Directions
Transcribe the records below. Leave every line exactly as written.

[Records contained in a dataset]
※ ※ ※

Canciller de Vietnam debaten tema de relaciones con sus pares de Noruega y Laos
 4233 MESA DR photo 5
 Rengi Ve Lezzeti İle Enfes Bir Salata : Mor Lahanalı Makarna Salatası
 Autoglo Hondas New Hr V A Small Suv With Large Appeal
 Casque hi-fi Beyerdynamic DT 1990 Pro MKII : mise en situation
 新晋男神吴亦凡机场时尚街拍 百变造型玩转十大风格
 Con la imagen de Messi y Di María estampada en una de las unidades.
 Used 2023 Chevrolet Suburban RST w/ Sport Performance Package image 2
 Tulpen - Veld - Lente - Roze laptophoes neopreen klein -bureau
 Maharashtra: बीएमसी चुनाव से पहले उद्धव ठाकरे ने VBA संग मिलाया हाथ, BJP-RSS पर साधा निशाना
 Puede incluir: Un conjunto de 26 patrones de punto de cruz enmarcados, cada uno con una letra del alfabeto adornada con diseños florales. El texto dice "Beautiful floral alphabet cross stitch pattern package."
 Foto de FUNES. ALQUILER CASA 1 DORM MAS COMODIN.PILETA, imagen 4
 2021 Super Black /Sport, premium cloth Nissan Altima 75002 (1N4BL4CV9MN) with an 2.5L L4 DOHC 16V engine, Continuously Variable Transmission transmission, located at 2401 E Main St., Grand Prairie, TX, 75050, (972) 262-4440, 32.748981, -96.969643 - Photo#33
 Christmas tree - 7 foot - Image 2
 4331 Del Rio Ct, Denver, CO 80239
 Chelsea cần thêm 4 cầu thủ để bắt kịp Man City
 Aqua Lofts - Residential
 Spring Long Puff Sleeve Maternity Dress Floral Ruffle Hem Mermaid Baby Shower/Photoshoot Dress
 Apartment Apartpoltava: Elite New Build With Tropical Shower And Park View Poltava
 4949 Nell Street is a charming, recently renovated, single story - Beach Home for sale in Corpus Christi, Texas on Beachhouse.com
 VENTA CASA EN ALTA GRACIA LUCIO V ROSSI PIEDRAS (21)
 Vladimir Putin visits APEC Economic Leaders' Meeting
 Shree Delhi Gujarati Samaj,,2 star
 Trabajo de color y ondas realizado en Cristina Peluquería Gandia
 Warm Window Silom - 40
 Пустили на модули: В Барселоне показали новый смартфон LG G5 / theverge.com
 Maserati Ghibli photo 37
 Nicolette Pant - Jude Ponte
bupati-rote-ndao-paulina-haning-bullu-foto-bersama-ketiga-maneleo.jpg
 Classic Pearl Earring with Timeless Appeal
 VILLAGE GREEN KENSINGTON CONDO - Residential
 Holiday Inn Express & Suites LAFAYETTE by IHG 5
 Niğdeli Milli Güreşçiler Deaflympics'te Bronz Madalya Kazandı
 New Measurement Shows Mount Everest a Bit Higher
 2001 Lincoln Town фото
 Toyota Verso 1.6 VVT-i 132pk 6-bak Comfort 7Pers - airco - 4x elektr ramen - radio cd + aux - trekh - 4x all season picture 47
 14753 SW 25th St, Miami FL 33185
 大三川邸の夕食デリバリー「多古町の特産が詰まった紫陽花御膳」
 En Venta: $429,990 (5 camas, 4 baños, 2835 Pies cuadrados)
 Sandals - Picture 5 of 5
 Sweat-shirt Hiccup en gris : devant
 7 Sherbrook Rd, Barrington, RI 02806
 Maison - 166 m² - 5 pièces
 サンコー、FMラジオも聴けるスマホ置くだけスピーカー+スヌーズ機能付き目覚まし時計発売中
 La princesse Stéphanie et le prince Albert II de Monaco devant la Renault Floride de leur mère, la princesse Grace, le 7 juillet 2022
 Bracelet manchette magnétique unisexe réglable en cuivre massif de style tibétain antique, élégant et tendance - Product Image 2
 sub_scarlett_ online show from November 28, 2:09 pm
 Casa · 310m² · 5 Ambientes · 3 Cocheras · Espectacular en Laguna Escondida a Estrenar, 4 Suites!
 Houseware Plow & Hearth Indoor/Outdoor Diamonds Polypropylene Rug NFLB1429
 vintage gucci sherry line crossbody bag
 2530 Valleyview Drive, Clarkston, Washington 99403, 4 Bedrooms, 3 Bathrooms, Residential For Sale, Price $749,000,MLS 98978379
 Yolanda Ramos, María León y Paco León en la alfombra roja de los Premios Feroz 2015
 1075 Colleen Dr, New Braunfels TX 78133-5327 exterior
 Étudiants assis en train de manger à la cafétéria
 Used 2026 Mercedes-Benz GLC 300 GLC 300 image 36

※ ※ ※

Your response
Canciller de Vietnam debaten tema de relaciones con sus pares de Noruega y Laos
 4233 MESA DR photo 5
 Rengi Ve Lezzeti İle Enfes Bir Salata : Mor Lahanalı Makarna Salatası
 Autoglo Hondas New Hr V A Small Suv With Large Appeal
 Casque hi-fi Beyerdynamic DT 1990 Pro MKII : mise en situation
 新晋男神吴亦凡机场时尚街拍 百变造型玩转十大风格
 Con la imagen de Messi y Di María estampada en una de las unidades.
 Used 2023 Chevrolet Suburban RST w/ Sport Performance Package image 2
 Tulpen - Veld - Lente - Roze laptophoes neopreen klein -bureau
 Maharashtra: बीएमसी चुनाव से पहले उद्धव ठाकरे ने VBA संग मिलाया हाथ, BJP-RSS पर साधा निशाना
 Puede incluir: Un conjunto de 26 patrones de punto de cruz enmarcados, cada uno con una letra del alfabeto adornada con diseños florales. El texto dice "Beautiful floral alphabet cross stitch pattern package."
 Foto de FUNES. ALQUILER CASA 1 DORM MAS COMODIN.PILETA, imagen 4
 2021 Super Black /Sport, premium cloth Nissan Altima 75002 (1N4BL4CV9MN) with an 2.5L L4 DOHC 16V engine, Continuously Variable Transmission transmission, located at 2401 E Main St., Grand Prairie, TX, 75050, (972) 262-4440, 32.748981, -96.969643 - Photo#33
 Christmas tree - 7 foot - Image 2
 4331 Del Rio Ct, Denver, CO 80239
 Chelsea cần thêm 4 cầu thủ để bắt kịp Man City
 Aqua Lofts - Residential
 Spring Long Puff Sleeve Maternity Dress Floral Ruffle Hem Mermaid Baby Shower/Photoshoot Dress
 Apartment Apartpoltava: Elite New Build With Tropical Shower And Park View Poltava
 4949 Nell Street is a charming, recently renovated, single story - Beach Home for sale in Corpus Christi, Texas on Beachhouse.com
 VENTA CASA EN ALTA GRACIA LUCIO V ROSSI PIEDRAS (21)
 Vladimir Putin visits APEC Economic Leaders' Meeting
 Shree Delhi Gujarati Samaj,,2 star
 Trabajo de color y ondas realizado en Cristina Peluquería Gandia
 Warm Window Silom - 40
 Пустили на модули: В Барселоне показали новый смартфон LG G5 / theverge.com
 Maserati Ghibli photo 37
 Nicolette Pant - Jude Ponte
bupati-rote-ndao-paulina-haning-bullu-foto-bersama-ketiga-maneleo.jpg
 Classic Pearl Earring with Timeless Appeal
 VILLAGE GREEN KENSINGTON CONDO - Residential
 Holiday Inn Express & Suites LAFAYETTE by IHG 5
 Niğdeli Milli Güreşçiler Deaflympics'te Bronz Madalya Kazandı
 New Measurement Shows Mount Everest a Bit Higher
 2001 Lincoln Town фото
 Toyota Verso 1.6 VVT-i 132pk 6-bak Comfort 7Pers - airco - 4x elektr ramen - radio cd + aux - trekh - 4x all season picture 47
 14753 SW 25th St, Miami FL 33185
 大三川邸の夕食デリバリー「多古町の特産が詰まった紫陽花御膳」
 En Venta: $429,990 (5 camas, 4 baños, 2835 Pies cuadrados)
 Sandals - Picture 5 of 5
 Sweat-shirt Hiccup en gris : devant
 7 Sherbrook Rd, Barrington, RI 02806
 Maison - 166 m² - 5 pièces
 サンコー、FMラジオも聴けるスマホ置くだけスピーカー+スヌーズ機能付き目覚まし時計発売中
 La princesse Stéphanie et le prince Albert II de Monaco devant la Renault Floride de leur mère, la princesse Grace, le 7 juillet 2022
 Bracelet manchette magnétique unisexe réglable en cuivre massif de style tibétain antique, élégant et tendance - Product Image 2
 sub_scarlett_ online show from November 28, 2:09 pm
 Casa · 310m² · 5 Ambientes · 3 Cocheras · Espectacular en Laguna Escondida a Estrenar, 4 Suites!
 Houseware Plow & Hearth Indoor/Outdoor Diamonds Polypropylene Rug NFLB1429
 vintage gucci sherry line crossbody bag
 2530 Valleyview Drive, Clarkston, Washington 99403, 4 Bedrooms, 3 Bathrooms, Residential For Sale, Price $749,000,MLS 98978379
 Yolanda Ramos, María León y Paco León en la alfombra roja de los Premios Feroz 2015
 1075 Colleen Dr, New Braunfels TX 78133-5327 exterior
 Étudiants assis en train de manger à la cafétéria
 Used 2026 Mercedes-Benz GLC 300 GLC 300 image 36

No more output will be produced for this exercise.